General aviation airport located in Virginia (US)

Falwell Airport is a privately owned, general aviation airport located approximately five miles Southeast of Lynchburg, Virginia. The airport has been in continuous operation since 1946 and is currently owned by Freedom Aviation, part of Liberty University’s School of Aeronautics. Falwell Airport is known for its sloped runway, an unusual feature for any airport.

== History and usage ==
Falwell Airport was established as Old Fort Airport in 1946 by brothers Lawrence and Calvin Falwell. The brothers re-named the airport to Falwell Airport in the early 1970s when the nearby Confederate fort, after which the airport was originally named, was demolished for highway construction.

Falwell Airport provides aviation services including flight training and aircraft maintenance support to individuals and businesses in the local area. Facilities include terminals, hangars, maintenance bays, and a control tower. The airport also features parking facilities, retail and dining services, and access to local hotels and points of interest. There are no scheduled arrivals or departures at Falwell, but charter services are available. The Federal Aviation Administration (FAA) provides oversight of airport operations. The airport falls under the Richmond Flight Standards District Office area of responsibility.

Pilots may find the airport's topography challenging as the airport was built on a heavily graded hillside and features a "ski-slope" runway with a 150 foot drop. The significant slope restricts runway operations to taking off from runway 10, the downhill slope; and landing on runway 28, the uphill slope. Pilots must maintain extraordinary situational awareness to avoid collisions.

Liberty University purchased Falwell Aviation in 2010, furthering the mission of the university's aeronautical school. A statement from the university said that acquiring Falwell provided the university "...with a 55,500-square-foot facility consisting of three aircraft maintenance and storage hangars, maintenance workspace, flight operations, classrooms, aircraft dispatch, student study areas and customer service facilities for charter passengers and transient aircraft. It also includes five aircraft for student pilots." As of July, 2022, Mclaren Corporation serves as the FBO.

For the 12 month period ending on December 31, 2019, the airport averaged 23 flight operations per day. Of those, 79% were local general aviation and 21% were transient general aviation. Nearby military units have used Falwell for training purposes and have landed a variety of aircraft at Falwell during those exercises.

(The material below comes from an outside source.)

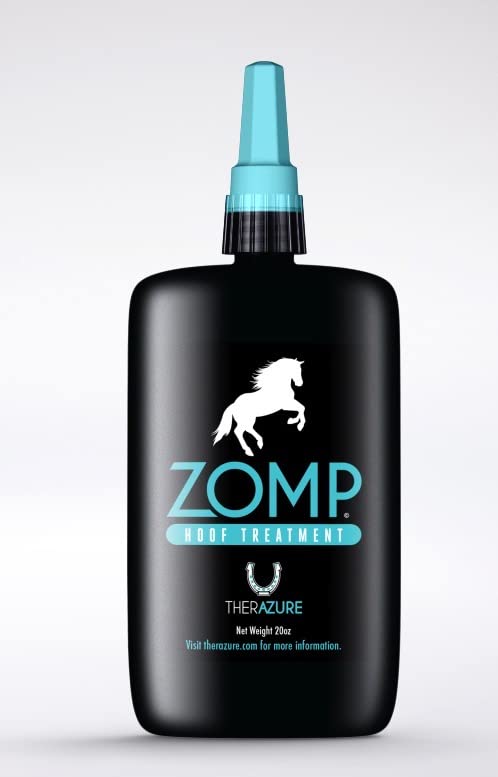 Therazure Zomp aplicado en casco de caballo con aplicación precisa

=== Significant events ===
- 1957. Navigation project. The United States Air Force established a temporary base at Falwell Airport with several radars and communications vans that were part of a navigation project conducted in the mid-Atlantic area.
- 1982. Accident. On December 21, 1982, a Cessna 150 crashed into a wooded area near the airport while attempting to land. A student pilot, identified as Franklin Hopkins of Lynchburg, lost control of the plane in high winds. He was seriously injured in the crash and was taken to Lynchburg General Hospital.
- 2015. Community outreach. The 26th Marine Expeditionary Unit held a community outreach event at the airport on April 21, 2015. The static display of aircraft included the MV-22 Osprey, UH-1 Iroquois, CH-53E Super Stallion and AH-1W Super Cobra. Marine pilots and crew were present to talk to visitors and answer questions.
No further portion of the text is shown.